Problem
Discovering data in a DHT is hard because data is spread out over many nodes and can’t be queried.
Solution
Create easy-to-find starting points that act as bases for links to other data. Eventually the entire DHT becomes a graph database.
Examples
- Each agent has a built-in anchor: their agent ID entry. They can link to blog articles they’ve written, for example, or friends they know.
- A hashtag: a simple string that links to all related content.

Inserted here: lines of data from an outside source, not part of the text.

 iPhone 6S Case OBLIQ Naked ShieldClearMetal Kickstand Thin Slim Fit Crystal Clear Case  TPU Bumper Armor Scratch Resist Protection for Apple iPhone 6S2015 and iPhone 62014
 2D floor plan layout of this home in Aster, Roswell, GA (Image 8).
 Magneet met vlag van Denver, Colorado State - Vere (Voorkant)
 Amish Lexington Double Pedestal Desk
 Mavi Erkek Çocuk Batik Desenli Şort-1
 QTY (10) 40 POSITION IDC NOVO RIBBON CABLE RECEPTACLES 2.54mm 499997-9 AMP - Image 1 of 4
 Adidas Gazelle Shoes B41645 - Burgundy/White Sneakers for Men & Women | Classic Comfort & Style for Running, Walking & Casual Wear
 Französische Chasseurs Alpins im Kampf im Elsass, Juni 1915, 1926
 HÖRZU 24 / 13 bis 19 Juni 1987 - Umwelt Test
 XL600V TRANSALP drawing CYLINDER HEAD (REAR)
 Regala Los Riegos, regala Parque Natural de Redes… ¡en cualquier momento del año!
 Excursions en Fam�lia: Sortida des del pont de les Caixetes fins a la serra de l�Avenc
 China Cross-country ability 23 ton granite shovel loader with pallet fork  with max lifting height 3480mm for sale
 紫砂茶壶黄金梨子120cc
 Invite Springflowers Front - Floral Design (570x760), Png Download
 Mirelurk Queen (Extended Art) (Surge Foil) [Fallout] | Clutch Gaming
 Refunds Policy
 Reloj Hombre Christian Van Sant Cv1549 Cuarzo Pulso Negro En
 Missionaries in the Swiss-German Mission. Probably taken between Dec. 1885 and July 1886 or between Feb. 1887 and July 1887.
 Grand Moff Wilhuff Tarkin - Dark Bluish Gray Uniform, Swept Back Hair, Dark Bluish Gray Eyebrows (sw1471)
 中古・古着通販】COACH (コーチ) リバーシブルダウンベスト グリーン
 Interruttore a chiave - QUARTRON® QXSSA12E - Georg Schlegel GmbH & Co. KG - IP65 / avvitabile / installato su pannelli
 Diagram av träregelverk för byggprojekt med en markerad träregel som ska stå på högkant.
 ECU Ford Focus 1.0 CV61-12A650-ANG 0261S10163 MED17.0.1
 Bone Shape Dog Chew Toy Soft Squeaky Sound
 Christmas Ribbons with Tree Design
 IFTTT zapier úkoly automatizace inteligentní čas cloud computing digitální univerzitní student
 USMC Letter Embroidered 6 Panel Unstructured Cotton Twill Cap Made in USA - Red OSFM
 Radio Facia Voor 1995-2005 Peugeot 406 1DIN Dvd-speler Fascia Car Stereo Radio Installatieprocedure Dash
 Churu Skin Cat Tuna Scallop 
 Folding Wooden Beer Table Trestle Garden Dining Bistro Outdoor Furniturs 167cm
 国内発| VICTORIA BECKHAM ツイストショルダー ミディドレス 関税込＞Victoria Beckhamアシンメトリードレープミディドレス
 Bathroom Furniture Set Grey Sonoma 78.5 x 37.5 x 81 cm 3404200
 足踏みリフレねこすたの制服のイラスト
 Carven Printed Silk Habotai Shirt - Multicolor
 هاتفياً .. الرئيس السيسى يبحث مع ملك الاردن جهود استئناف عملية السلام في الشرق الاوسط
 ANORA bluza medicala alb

- A short ‘ID code’ that can be shared via text messaging, printed materials, email, or other media that would require retyping or copy/pasting. This is a lot easier and less prone to corruption than sharing a full hash.
- The hash of a known value in another DHT as a sort of ‘foreign key’.
- A value that is hard-coded into the DNA itself (see Symbol Anchor).
- A tree of values that link to their parents, allowing users to traverse the entire tree by starting at the root node (see Anchor Tree).
Warnings
Antipattern : If you expect a given anchor to have a lot of links on it, this could create a ‘hot spot’ in the DHT neighbourhood that stores the anchor: the nodes in that neighbourhood will be responsible for storing all the links and responding to requests for them. Consider breaking up one anchor into multiple anchors (for instance, twenty-six anchors that link to entries starting with “a”, “b”, “c”, etc). This can increase query time but doesn’t usually hurt write time.